“J’ai crié Liberté. Et vous m’avez rendu Silence.”
Discours imaginaire de Dessalines à la Nation haïtienne, occasion 17 octobre

Moi, Jean-Jacques Dessalines, né esclave, mort empereur, revenu ce 17 octobre du creux de mes os dispersés, je me tiens debout, non pas parmi vous — mais devant vous.

Je n’ai jamais demandé qu’on m’aime. J’ai exigé qu’on libère ce peuple. Je n’ai pas laissé ma peau au vent de Pont-Rouge pour que, deux siècles plus tard, vous pleuriez encore enchaînés, mains vides, terres pillées, voix bâillonnées.

Haïtiens, que vous êtes-vous fait à vous-mêmes?

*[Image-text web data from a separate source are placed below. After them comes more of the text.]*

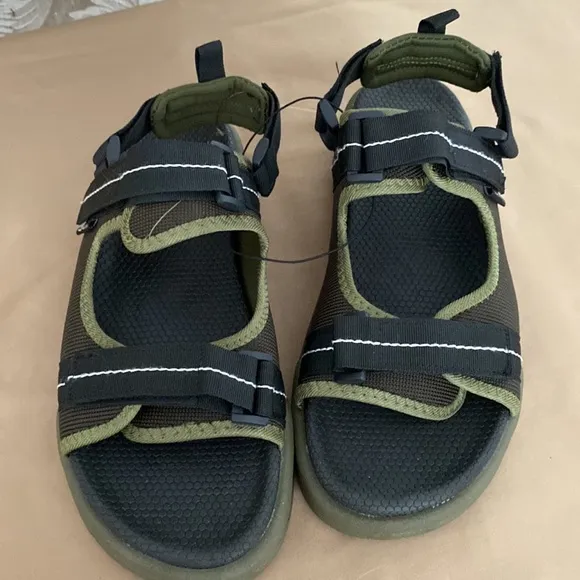 Men’s sandals with arch support
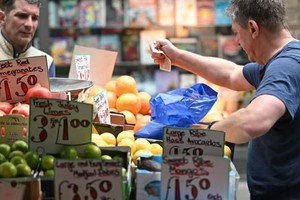 Lạm phát ở Anh tiếp tục chạm mức cao mới trong 40 năm 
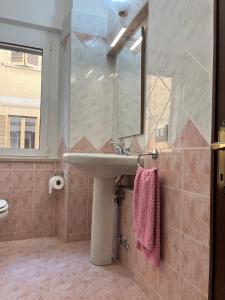 ein Badezimmer mit Waschbecken und Spiegel in der Unterkunft Casa Piaggiola in Gubbio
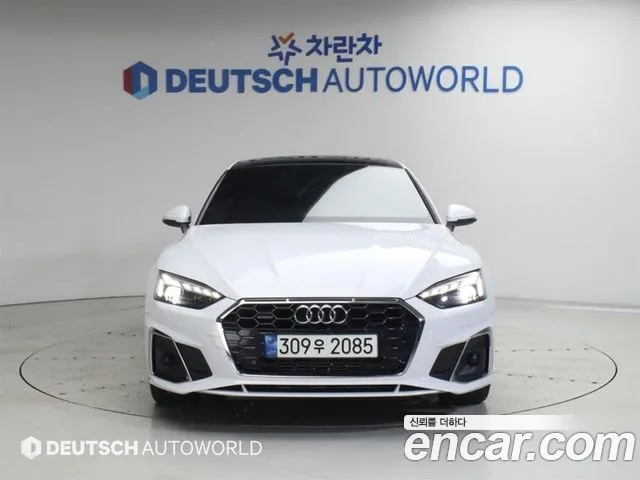 Audi A5 2021 thumb 3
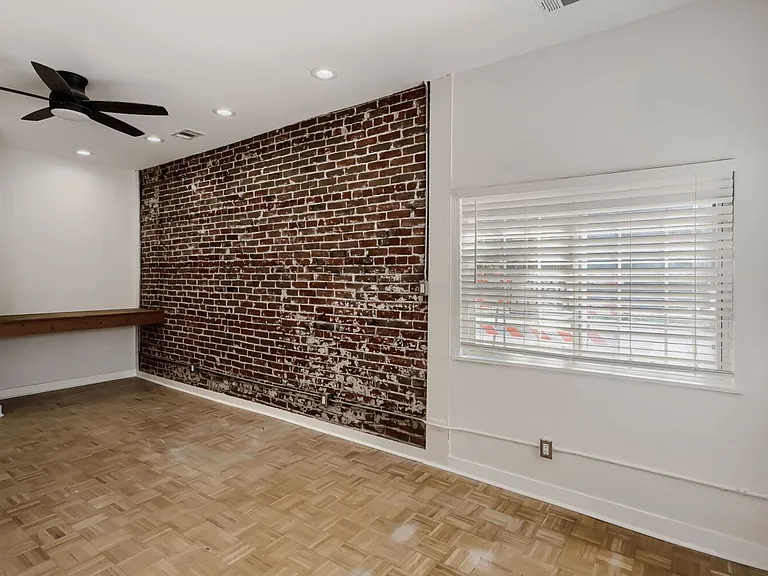 Utica Duplex — Photo 7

Je regarde ce que vous êtes devenus. Je vous entends : « Vive Dessalines par çi ! » « Vive Dessalines par là ! » Et pourtant, chaque jour, vous tuez mon rêve en silence, comme on égorge une vérité gênante dans une salle de conférence.

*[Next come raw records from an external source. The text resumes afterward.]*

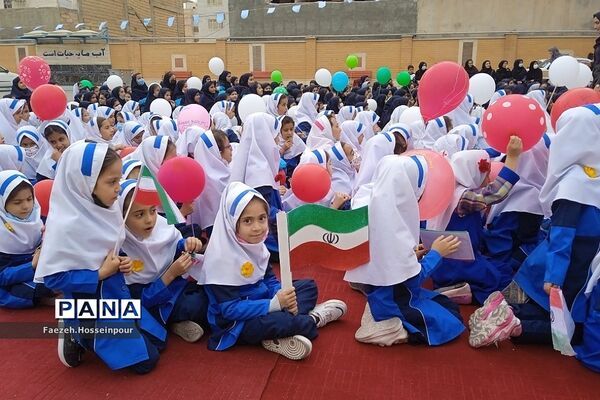 نمایشگاه نقاشی با موضوع ۱۳ آبان در بهارستان‌دو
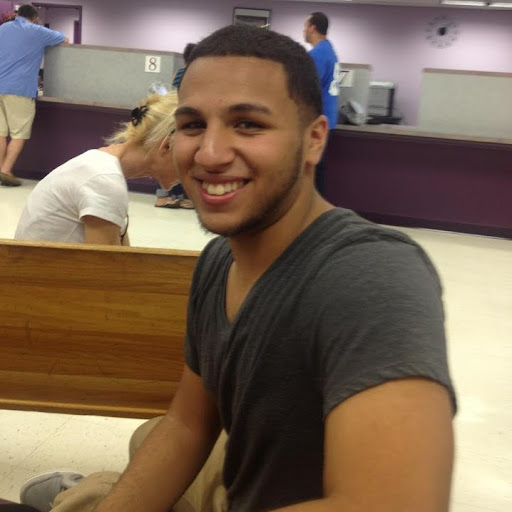 Elvis Garcia Photo 11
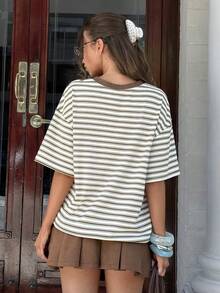 MainGRL 女士休闲宽松杏色条纹圆领T恤，春夏款 - 杏色 - 查看 2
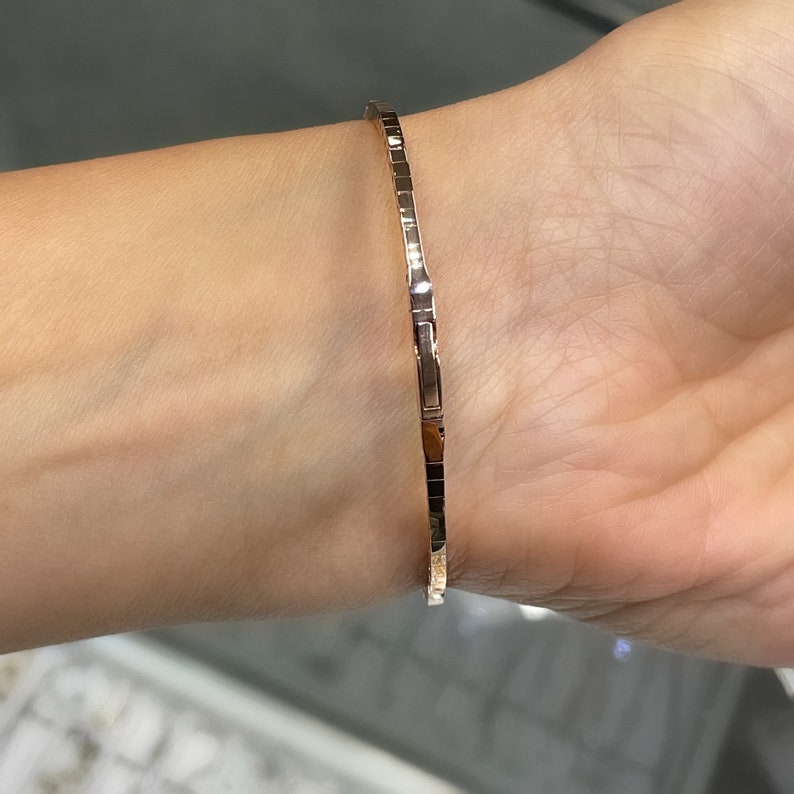 Real Solid Gold Bangle Bracelet / Real Gold Jewelry / High-Quality Jewelry / Natural Diamond Bracelet / Conflict-Free Diamonds / Diamond Bangle in 14k Gold / 14k Gold Diamond Bangle / Diamond Flexible Bracelet / Diamond Flexi Bangle / Dainty Bangle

Vous avez transformé la liberté en mythe folklorique, l’indépendance en slogan de meeting, le drapeau en serviette de bain électorale. Vous attendez que les étrangers vous dictent quoi faire pour sauver la patrie. Hélas ! Vous acceptez tout ce dont pourquoi j’ai si ardûment lutté en m’y opposant de toutes mes forces jusqu’à verser mon sang.

Vous avez remplacé les chaînes par des visas
Vous appelez « mobilité » ce que moi j’appelais « exil imposé ». Vous appelez « système » ce que moi je nommais « tyrannie économique ». Vous marchez sur le sol pour lequel j’ai fait couler le feu, et vous vous excusez encore d’exister.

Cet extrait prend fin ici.